The dovetail joint (DT) is one of the most beautiful joineries in woodworking – if you want it to be.


Because you can select either blind, half-blind, or visible options.

After finishing your first dovetail, you’ll probably want to show it off. And you’ll have every right to be proud of your craftsmanship because of all the woodworking joints, dovetailing is one of the hardest to complete with precision.

But if you can do it right, this joint is sure to last just about anything you throw at it.

Here’s everything you need to know about dovetails before you find yourself in a project over your head.

The Pros and Cons of Dovetails

Like any joinery, the dovetail joint comes with its own advantages and disadvantages – it’s not ideal for every project.


Not only is dovetailing easy on the eyes, but its design makes it naturally resistant to wear and tear – even without glue.

  • Extremely strong
  • No metal fixtures, screws, or fasteners needed
  • Provides a large surface area for gluing
  • Visible and blind options
  • Will hold together without glue
  • Interlocks two pieces of wood
  • Difficult to pull apart
  • Looks amazing


If you’re working with a finite amount of wood, be careful: executing this joint properly is a huge challenge. A small mistake can vastly reduce the joint’s advantages.

  • Difficult to design and cut
  • Leaves no room for error
  • Gaps or mismeasurement will reduce the joint’s strength (and all other advantages)

Selecting the Best Woodworking Joint for the Job

Still have your heart set on mastering this ancient joint?

Great. Even staying within the realm of dovetailing, you have many options to choose from so you’re sure to select the best woodworking joint for your project.

Not feeling so confident? Try your hand at a few box joints first to get the hang of interlocking joints before you advance to the DT.

Through DT

This is the most common type which you will see throughout many pieces of cabinetry, boxes, and several other items. In this woodworking joint, the interlocking fingers are completely visible although occasionally covered with a veneer.

Adding a concealing finish is less common these days because craft workers want to show off their skill and consumers love the beautiful feature.

Detailed, high-quality, and handcrafted woodwork is rare today, so it makes sense why the through dovetail has grown in popularity.

Half-Blind DT

The half-blind DT eliminates the need for adding a false-front to drawers. In this joint, the interlocking fingers are not visible from the front.
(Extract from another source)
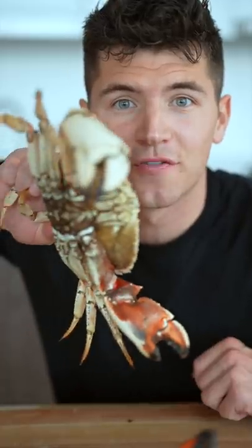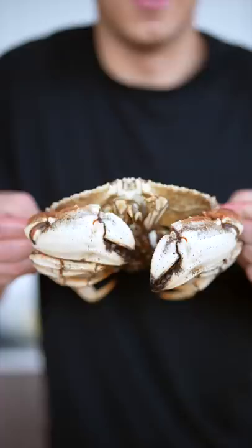Let's do a surf and turf challenge. Beat me and I'll send you a chef's knife. This is gonna be a fun one — my boys here are ready to cook some good food.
This joint is a little more difficult to carry out than through dovetailing.

Secret Mitred DT (Full-blind)

You’ll often “find” secret mitred joints in picture frames and other carpentry where an invisible joint is preferred.
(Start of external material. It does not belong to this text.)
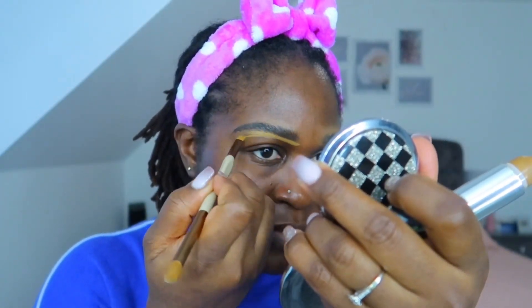Then I use the L'Oreal foundation stick in the shade 210 to just outline my brows — I did that for both. Then I use my CC cream from Revolution Pro as my foundation. I started to use the brush initially but it wasn't really working.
Of all woodworking joints (and all dovetails), the secret mitred is in the highest class because it offers supreme strength with a completely flesh and smooth surface.

Secret Double-lapped DT

This joint is almost identical to the secret mitred but it includes a thin portion of grain on one end of the joint.

Sliding DT

The sliding dovetail joint is very different from the rest because there is only one large interlocking section.

With this versatile joint, you can attach pieces of wood at a right angle or in a perpendicular fashion rather than end-to-end.

The sliding DT is often found in musical instruments, table frames, shelves, drawers, and cabinets.

3 Things to Know About Dovetailing

The dovetail joint is one of the most fascinating and revered of all the joineries. Here are a few things you should know about dovetails.

1. It’s an Ancient Method

Experts believe dovetails predate written history. Explorers have found this joint in Egyptian tombs dating back to the First Dynasty as well as tombs of ancient Chinese emperors.

2. It Isn’t Exclusive to Woodworking

You can find these ancient joints throughout many applications outside carpentry such as

  • Rifles and weapons: attaching iron sights
  • 3D printing: to form large objects with several small pieces
  • Masonry: particularly lighthouses and other structures in dangerous areas
  • Cast iron, aluminum, and other metal work to avoid permanent fixation through welding
  • Clockmaking: fixing broken teeth 
  • Jet engines: connecting turbine blades to the turbine disc

3. It Goes by Several Names

This joint is commonly called a “dovetail” due to its appearance.

In Europe, you might hear this joint called a “swallowtail” or “fantail.” It also goes by “pin and cove” or “tail and pin” in the carpentry community.

Did We Mention They’re Strong?

Not only are dovetails strong, but with excellent craftsmanship they can last over a century.

Carpenters of the past often turned to this type of woodworking joint for strength and durability prior to the discovery of steel or accessible metal fixtures.

Now, dovetailing is truly an art form rarely found in modern and mass-produced wood pieces.